Elle peut charger un ou plusieurs de ses membres ainsi qu'un ou plusieurs des membres de son secrétariat, de procéder à une enquête sur place. Le président, ainsi que les membres de la commission et du secrétariat, ayant la qualité d'agent de l'Etat et désignés à cet effet par le Roi, ont la qualité d'officier de police judiciaire, officier auxiliaire du procureur du Roi, après avoir prêté le serment suivant : 'Je jure fidélité au Roi, obéissance à la Constitution et aux lois du peuple belge. ' Dans l'exercice de leurs fonctions, ils peuvent : 1. pénétrer à toute heure du jour ou de la nuit dans les établissements, locaux et pièces dont l'accès est nécessaire à l'accomplissement de leur mission;toutefois, ils n'ont accès aux locaux habités que s'ils ont des raisons de croire à l'existence d'une infraction à la présente loi et à ses arrêtés d'exécution et moyennant une autorisation préalable du juge du tribunal de police; 2. procéder à tous examens, contrôles et auditions ainsi qu'à toutes les constatations utiles et exiger la communication de tous les documents pouvant être utiles à leur enquête;3. se procurer tous les renseignements complémentaires qu'ils jugent utiles auprès des exploitants et de leur personnel, ainsi qu'auprès des services de police et des services administratifs de l'Etat;4. saisir tous les objets, et plus particulièrement les documents, les pièces, les livres et les jeux de hasard qui peuvent servir de pièce à conviction concernant une infraction à la présente loi ou à ses arrêtés d'exécution ou qui sont nécessaires à la recherche des coauteurs ou des complices;5. requérir l'assistance des services de police.» «

Art. 20.[...] La commission octroie les licences de classe A, B, C, D et E. «

Art. 21.La commission peut : 1. par décision motivée et selon les modalités définies ci-après, octroyer une licence d'exploitation ou autre à la personne qui sollicite une telle licence;2. par décision motivée et selon les modalités définies par le Roi, prononcer les avertissements, suspendre pour une durée déterminée ou retirer la licence et interdire provisoirement ou définitivement l'exploitation d'un ou de plusieurs jeux de hasard en cas de non-respect des dispositions de la présente loi et de ses arrêtés d'exécution. L'intéressé, qui peut être assisté par son conseil, doit être entendu préalablement par la commission. » «

Art. 27.Il est interdit de cumuler les licences des classes A, B, C et D, d'une part, et la licence de classe E, d'autre part, dans le chef de la même personne physique ou morale, que ce soit directement ou indirectement, personnellement ou par l'intermédiaire d'une autre personne physique ou morale. «

Art. 34.Les établissements de jeux de hasard de classe II sont des établissements dans lesquels sont exploités exclusivement les jeux de hasard autorisés par le Roi.

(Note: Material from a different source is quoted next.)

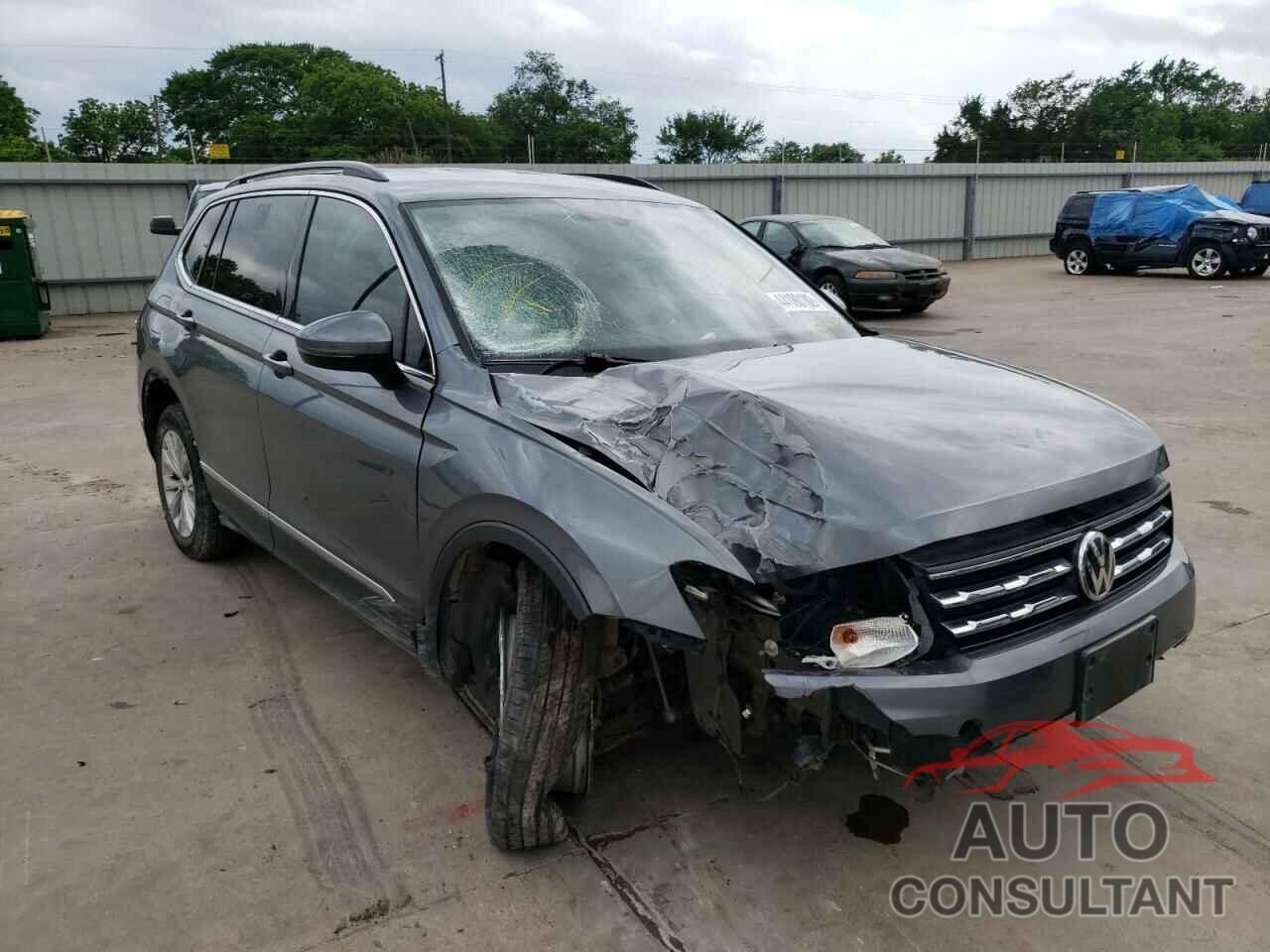 VOLKSWAGEN TIGUAN 2018 - 3VV3B7AX2JM078050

Le nombre total des établissements de jeux de hasard de classe II autorisés est limité à 180.

L'exploitation d'un établissement de jeux de hasard de classe II doit s'effectuer en vertu d'une convention à conclure entre la commune du lieu de l'établissement et l'exploitant. La décision de conclure une telle convention relève du pouvoir discrétionnaire de la commune. La convention détermine où l'établissement de jeux de hasard est établi ainsi que les modalités, jours et heures d'ouverture et de fermeture des établissements de jeux de hasard de classe II et qui exerce le contrôle de la commune. » «

Art. 36.Pour pouvoir obtenir une licence de classe B, le demandeur doit : 4. veiller à ne pas établir l'emplacement de l'établissement de jeux de hasard de classe II à proximité d'établissements d'enseignement, d'hôpitaux, d'endroits fréquentés par des jeunes, de lieux de culte et de prisons; «

Art. 54.§ 1er. L'accès aux salles de jeux des établissements de jeux de hasard des classes I et II est interdit aux personnes de moins de 21 ans à l'exception du personnel majeur des établissements de jeux de hasard sur leur lieu de travail. La pratique des jeux de hasard dans les établissements de jeux de hasard de classe III est interdite aux mineurs. » «

Art. 58.[...] La présence de distributeurs automatiques de billets de banque est interdite dans les établissements de jeux de hasard des classes I, II et III. » «

Art. 62.Complémentairement à ce qui est prévu à l'article 54, l'accès aux salles de jeux des établissements de jeux de hasard des classes I et II n'est autorisé que sur présentation, par la personne concernée, d'un document d'identité et moyennant l'inscription, par l'exploitant, des nom complet, prénoms, date de naissance, lieu de naissance, profession et de l'adresse de cette personne dans un registre.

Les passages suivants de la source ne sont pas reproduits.